» Data section

┌──

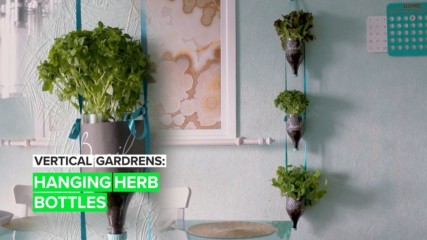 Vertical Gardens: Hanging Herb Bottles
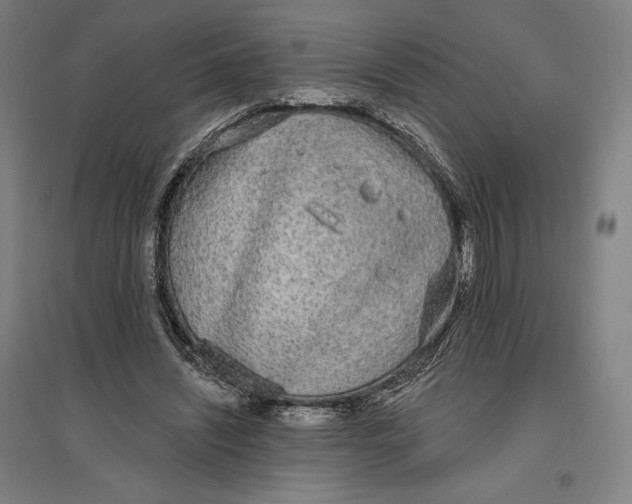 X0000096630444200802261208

└──
┌──

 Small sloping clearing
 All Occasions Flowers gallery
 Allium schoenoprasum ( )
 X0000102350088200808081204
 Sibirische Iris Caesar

└──

» Task item
Within the listing above, the lines from the one with "Vertical Gardens: Hanging Herb Bottles" through the one with "X0000096630444200802261208" are to be given again word for word. Do not include pictures.

» Output below
 Vertical Gardens: Hanging Herb Bottles
 X0000096630444200802261208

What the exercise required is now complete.